Why The Biden Admin Wants Censorship Of Renewable Energy Critics
National Climate Advisor Gina McCarthy calls on Big Tech to censor renewable energy critics in the name of "public health"
In the face of widespread public outrage, the Biden Administration last month backed away from a proposal to create a disinformation board at the Department of Homeland Security.
But now it’s back with new demands to censor its critics, this time using a tactic that has worked in the recent past: by framing them as a threat to public health.
In a talk with Axios, Biden Administration Climate Advisor Gina McCarthy said, “The tech companies have to stop allowing specific individuals over and over again to spread disinformation.”
After an Axios reporter asked, “Isn't misinformation and disinfo around climate a threat to public health itself?” McCarthy responded, “Oh, absolutely… We are talking, really, about risks that no longer need to be tolerated to our communities.”
McCarthy pointed specifically to those who criticized the failure of weather-dependent renewables during the blackouts in Texas in February 2021. But many of those criticisms were factual. Over the last decade in Texas, investors sunk over $53 billion on weather-dependent energy sources, mostly wind turbines, which alongside frozen fossil fuel plants were largely unavailable during the cold snap in February. That was only partly because of the cold and mostly because of low wind speeds.
McCarthy claimed that the critics of renewables are funded by “dark money” fossil fuel companies, which she compared to Big Tobacco. She claimed the critics are being paid to “fool” the public about “the benefits of clean energy.” “We need the tech companies to really jump in,” she said, because criticizing renewables is “equally dangerous to denial because we have to move fast.”
But the main critics of renewables, including those used in Texas, do not receive funding from the fossil fuel industry. Those critics including Bjorn Lomborg, author of False Alarm, Steve Kooning, author of Unsettled, and me.
Moreover, McCarthy’s own interview with Axios was sponsored by 3M, a major supplier to the solar industry that has lobbied directly for climate and energy legislation that would benefit 3M.
There is no question that social media companies including Meta (Facebook and Instagram), Twitter, and Alphabet (Google and YouTube) are well within their legal right to censor inaccurate and harmful information. But over the last two years, Big Tech has repeatedly censored individuals for communicating accurate information, including on covid and climate change.
Start with covid. In 2020, Facebook and Youtube censored information accurately suggesting that covid may have been created in a lab. Twitter removed a tweet by a member of the White House’s coronavirus task force who questioned the efficacy of masks. And Facebook censored a claim in October by President Donald Trump that a covid vaccine was imminent, which it was.
Censorship continued in 2021 with the encouragement of the White House. In mid-2021, White House press secretary Jen Psaki said the Biden administration was identifying “problematic” covid posts for Facebook to censor. YouTube removed a video in which scientists from Harvard and Stanford expressed their opinion to Florida’s governor that children should not be required to wear masks. And Facebook censored former New York Times journalist John Tierney for accurately reporting on evidence of the harms to children from wearing masks.

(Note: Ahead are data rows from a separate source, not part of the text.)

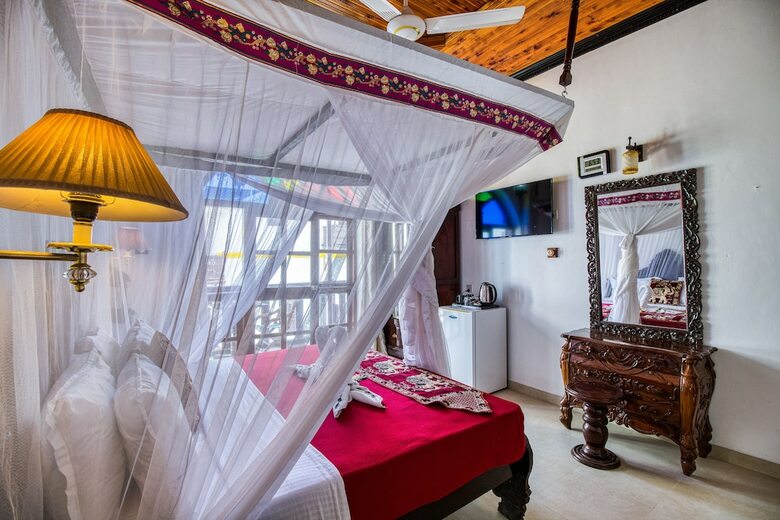 Tembo House Hotel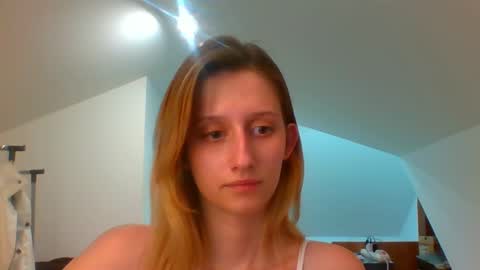 Snapshot of luna_xsensual chatting on 10, 1, 2025 L U N A online show from 10, 1, 2025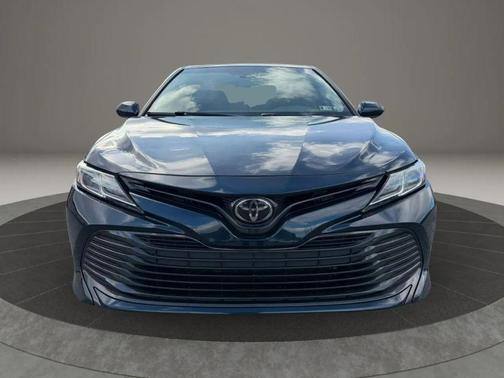 Blue 2018 Toyota Camry LE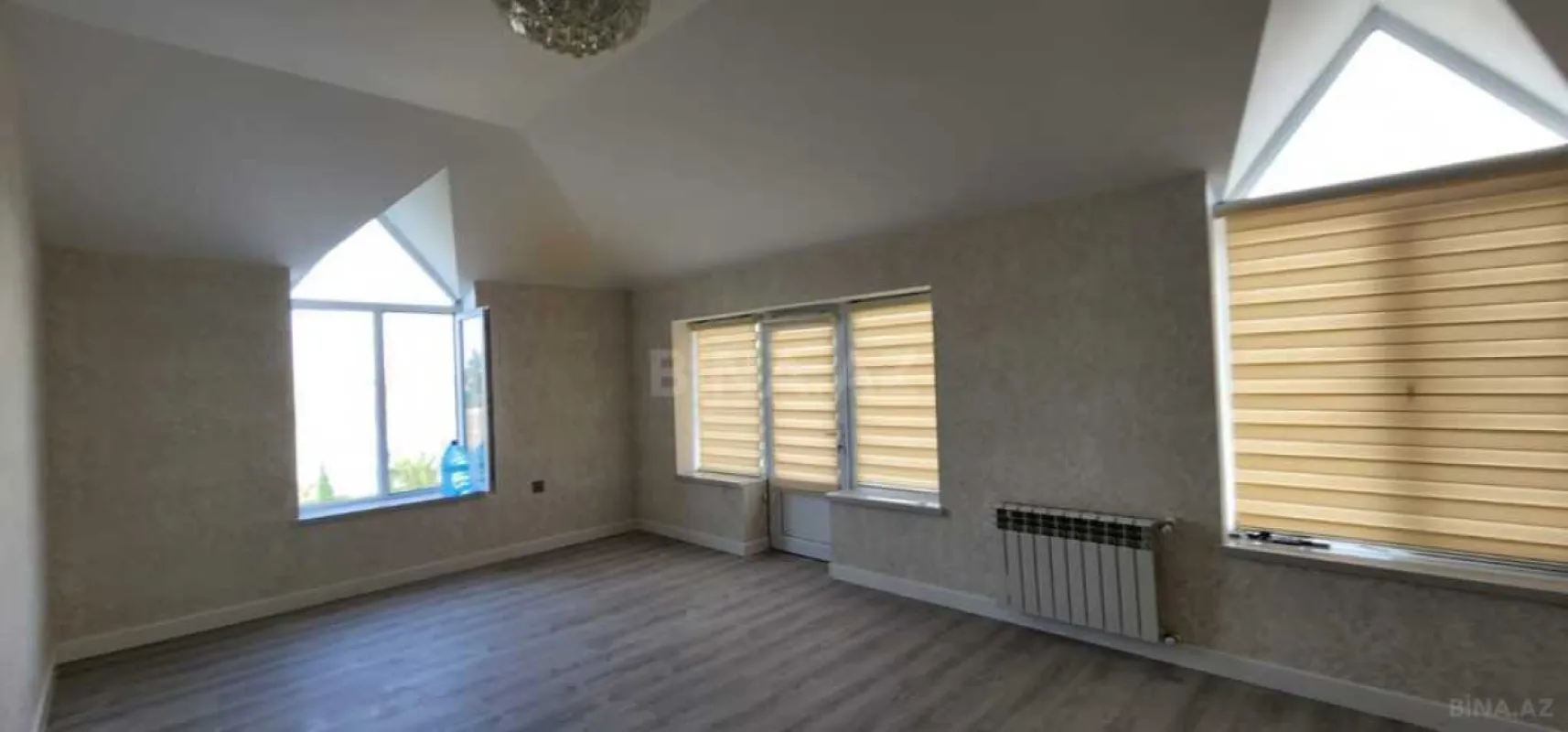 Satılır həyət evi 260 m²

There has been a similar pattern on climate change. In 2020, Facebook censored me for correctly pointing out that humans are not causing a sixth mass extinction and that weather-related disasters have become less deadly and less costly over time. Shortly after, Facebook censored John Stossel after he made a video that accurately pointed out that California’s high-intensity fires were mostly caused by poor government management, not climate change. And last year, Facebook censored Bjorn Lomborg for accurately reporting that the British medical journal Lancet found that warmer temperatures save lives.
Facebook and other social media companies give the people they have censored little in the way of an appeal process. After Stossel sued Facebook, its parent company, Meta, said in response to the lawsuit that Facebook’s “fact-checks” are just “opinion” and thus immune from defamation charges.
As such, notes The Wall Street Journal, “Merely pointing out technical limitations of lithium-ion batteries could be ‘disinformation,’” under the expansive censorship framework being proposed by McCarthy, Center for American Progress, and social media companies.
What, exactly, is going on? Given the widespread backlash to its proposed disinformation board, and the unfair censorship of accurate information, why is the Biden Administration once again seeking to censor its critics?